Ora, fatte le dovute e rare eccezioni, se c’era un’emozione che la faceva da padrona in questi casi era la noia. Perché anche a voler credere che l’autore avesse portato il mirino agli occhi e il dito sul pulsante in seguito all’esperienza di una emozione genuina, il procedimento per convincere tale esperienza ad entrare nella macchina fotografica era ed è una faccenda del tutto diversa, e spesso condannata a risultati deludenti. Le fotografie venivano fuori scialbe, an-estetiche e totalmente anempatiche; e i tentativi di rivitalizzarle tramite didascalie verbali – spesso ancora più deprimenti delle immagini – riuscivano solo a evocare le sacrosante parole di Cartier-Bresson secondo cui una fotografia è come una barzelletta: se occorre spiegarla vuol dire che non è venuta bene.
Oggi le cose sono cambiate solo fino ad un certo punto: per vedere le fotografie un supporto fisico è ancora necessario, solo che quello che oggi usiamo è capace di “rigenerare” l’immagine a partire da file digitale che immagine non è. Una differenza che, al prezzo di trascurabili questioni di ontologia visuale, rende non indispensabili le visioni “in presenza”. Mentre però questo accadeva, si verificava anche un altro fenomeno curioso: la fotografia ha finito con acquisire una delle qualità più popolari delle emozioni: l’impalpabilità. I milioni di foto scattate ogni giorno sono relegate alla dimensione digitale, sequenze di zeri e uno in cui si diluisce il loro contenuto, emozioni comprese.

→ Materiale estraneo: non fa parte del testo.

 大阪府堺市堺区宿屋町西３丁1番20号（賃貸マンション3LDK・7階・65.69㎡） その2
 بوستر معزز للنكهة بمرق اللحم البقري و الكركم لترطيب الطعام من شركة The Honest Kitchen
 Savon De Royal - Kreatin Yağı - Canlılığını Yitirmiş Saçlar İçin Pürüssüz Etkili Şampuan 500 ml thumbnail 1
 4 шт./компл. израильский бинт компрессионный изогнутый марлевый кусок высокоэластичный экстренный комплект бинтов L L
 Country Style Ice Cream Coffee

Sempre che anch’esse facciano parte del contenuto dell’immagine
Perché resta sempre da capire come trasferire l’impalpabilità dell’emozione in quella della fotografia, di modo che la riproduzione della seconda renda la prima disponibile fragrante e sorgiva come era nella mente – o se si vuole nell’anima – chi l’ha scattata.
PhotoSì è un servizio di stampe fotografiche online, con una serie di terminali fisici – tipicamente laboratori grafici e fotografici, ma non solo – presso cui è possibile ordinare o ritirare le stampe. Il suo slogan, lo stesso da sempre, si pone a valle del problema, che evidentemente considera risolto; la sineddoche che passa dal contenitore – l’immagine – al contenuto – l’emozione – sembra presupporre che la seconda sia stampabile, e quindi visionabile – senza difficoltà.

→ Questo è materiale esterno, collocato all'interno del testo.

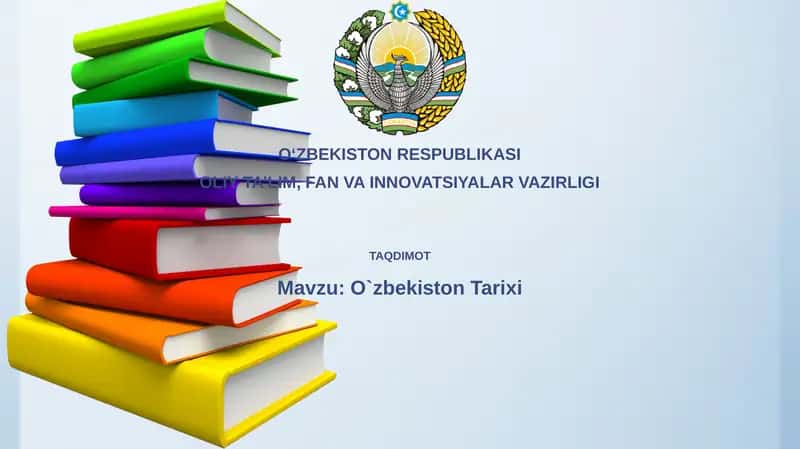 O`zbekistonTarixi 1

Per esporre le proprie emozioni – in un modo che, ovviamente, le renda condivisibili – basta inquadrarle, scattare loro delle fotografie e stamparle. Facile. Possiamo quindi tornare, pieni di fiducia ai dopocena con gli album da sfogliare.
Ovviamente esiste anche un’altra possibilità. Che l’emozione stampata sia visibile solo a chi ha vissuto in prima persona la scena, vale a dire al fotografo. Il compito della stampa non sarebbe quindi di rompere il bozzolo di solitudine in cui le emozioni tendono a circondare ciascuno di noi in forza della loro suprema irriducibilità a qualsiasi traduzione; ma sarebbero piuttosto una sorta di ravvivatore emotivo, capace di ridare lo smalto del momento ad una impressione che il tempo tende ad ossidare.
Ridotta al recinto del solipsismo, la fotografia emotiva ritrova ovviamente una sua insindacabile validità. Che, a differenza della fotografia senza sfoghi sentimentali, ci lascia ancora più soli, impedendoci di parlare ad altri che a noi stessi.